Airmen and riggers with the 1st Special Operations Logistics Readiness Squadron load a Rapid Dragon Palletized Weapon System aboard an MC-130J Commando II at Hurlburt Field, Florida, on 13 December, 2021. (USAF)
The US Air Force Rapid Dragon Program successfully completed its final system-level flight test on 16 December with “a live fire of a current inventory cruise missile armed with a live warhead” as part of an airdropped palletised weapon system at the Eglin Air Force Base Overwater Test Range, Florida.
Previously designated the Palletized Munitions Program, Rapid Dragon is an accelerated research campaign led by the US Air Force Research Laboratory's (AFRL's) Strategic Development Planning and Experimentation office to assess the operational utility of delivering large volumes of palletised long-range strike weapons from military cargo aircraft. Rapid Dragon advances a roll-on, roll-off capability that uses standard airdrop procedures without modification to the aircraft, transforming combat mobility aircraft into lethal strike weapon platforms that complement or augment the strike capacity of tactical fighters and strategic bombers.
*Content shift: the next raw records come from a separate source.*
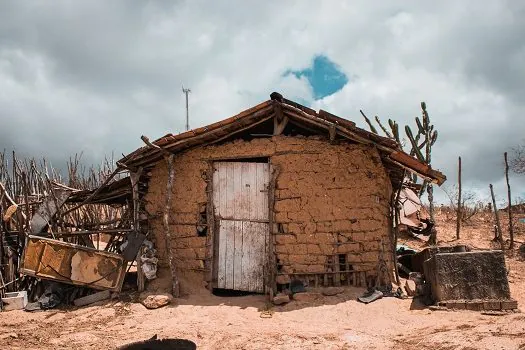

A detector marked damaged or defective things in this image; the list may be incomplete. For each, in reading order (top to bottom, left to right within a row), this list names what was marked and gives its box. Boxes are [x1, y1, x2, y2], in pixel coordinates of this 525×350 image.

rusty metal object [19, 237, 126, 292]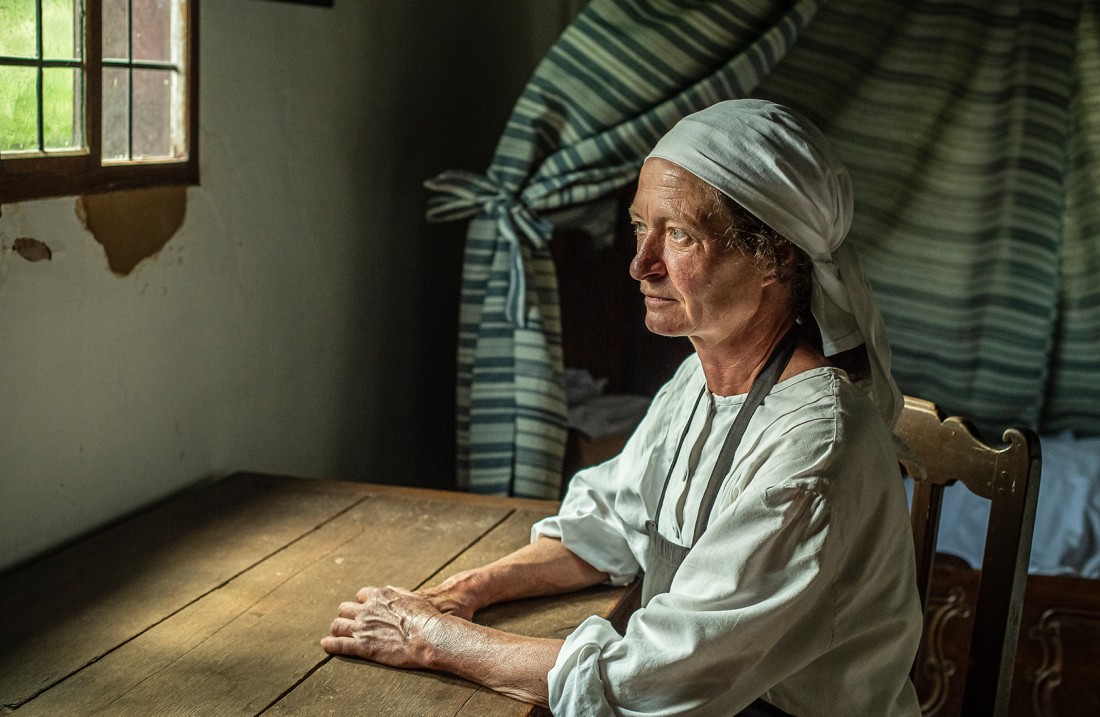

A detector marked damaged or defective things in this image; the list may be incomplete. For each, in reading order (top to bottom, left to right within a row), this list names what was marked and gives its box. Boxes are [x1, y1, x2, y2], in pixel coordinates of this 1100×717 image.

peeling plaster patch [11, 237, 52, 262]
peeling plaster patch [76, 185, 188, 276]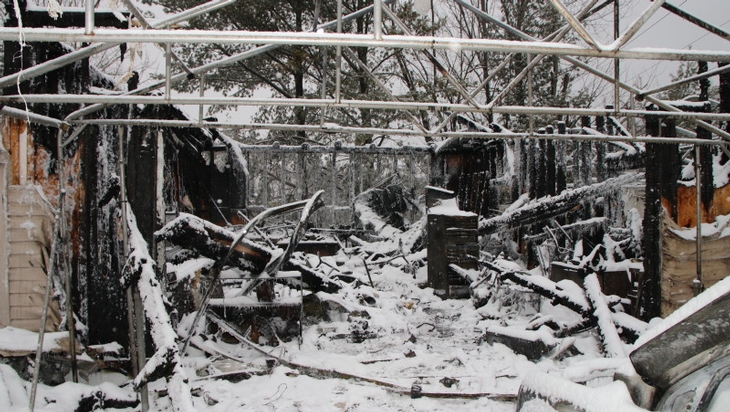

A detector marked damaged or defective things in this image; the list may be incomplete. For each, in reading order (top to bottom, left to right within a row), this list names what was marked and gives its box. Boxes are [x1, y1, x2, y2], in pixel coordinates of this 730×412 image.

charred wooden beam [478, 173, 644, 237]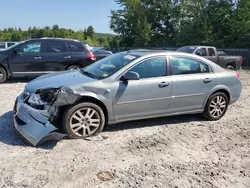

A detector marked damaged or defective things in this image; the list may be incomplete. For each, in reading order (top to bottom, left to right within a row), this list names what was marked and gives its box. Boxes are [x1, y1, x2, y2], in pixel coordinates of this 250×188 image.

broken front bumper [13, 94, 62, 147]
cracked headlight [27, 88, 59, 107]
crumpled front hood [25, 69, 95, 92]
damaged silver sedan [13, 50, 242, 146]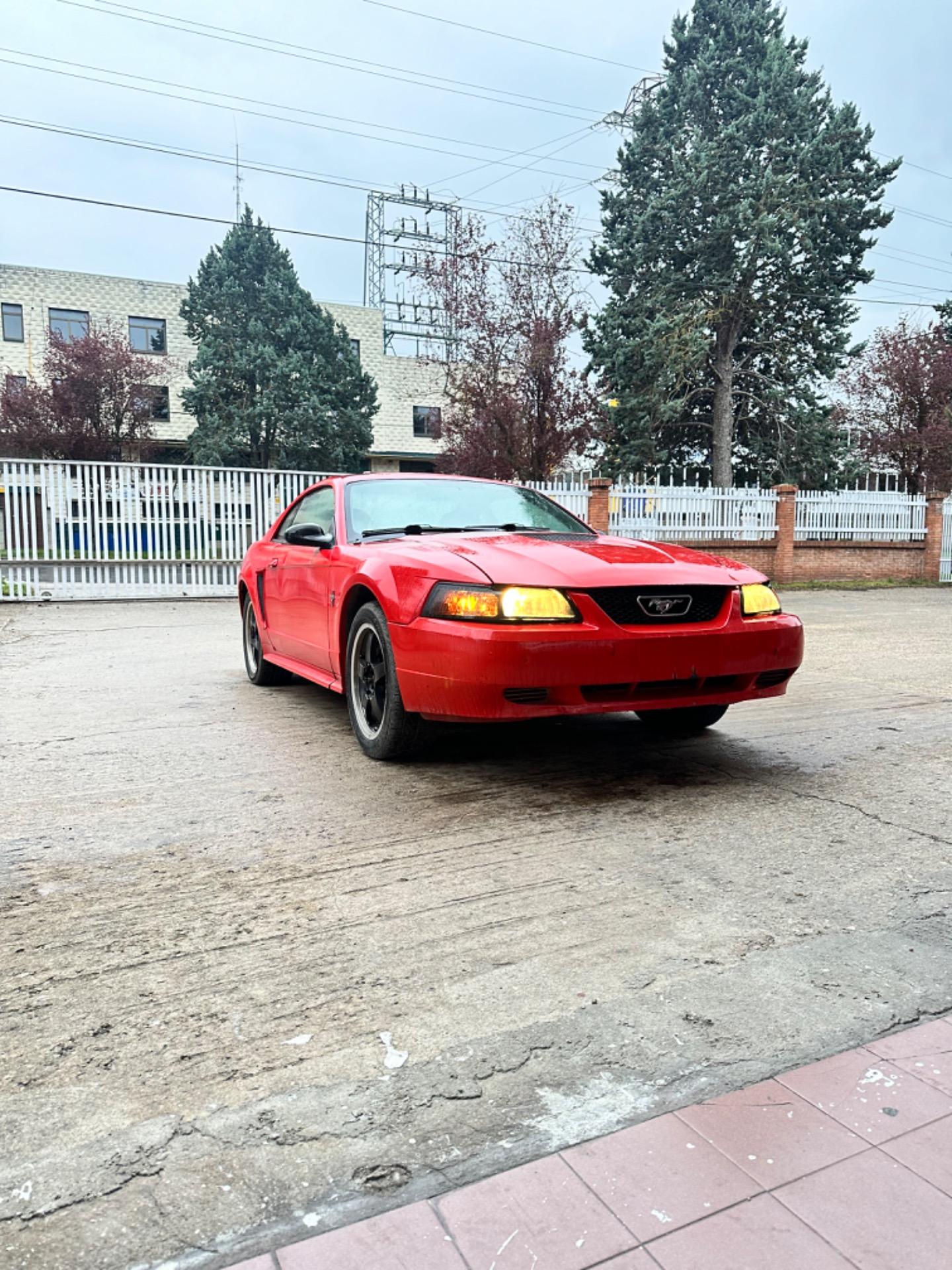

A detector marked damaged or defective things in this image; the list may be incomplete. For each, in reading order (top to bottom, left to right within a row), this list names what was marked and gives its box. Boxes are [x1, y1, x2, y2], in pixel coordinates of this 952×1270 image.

During the December test, a US Air Force Special Operations Command (AFSOC) MC-130J Commando II multimission combat transport received new targeting data in-flight, which was subsequently relayed to a cruise missile flight test vehicle (FTV), believed to be a Lockheed Martin AGM-158B Joint Air-to-Surface Standoff Missile-Extended Range (JASSM-ER). “The aircraft agnostic battle management system's in-flight receipt and upload of the new targeting data into the FTV was a first-time achievement with a live cruise missile,” the AFRL said in a statement on 16 December.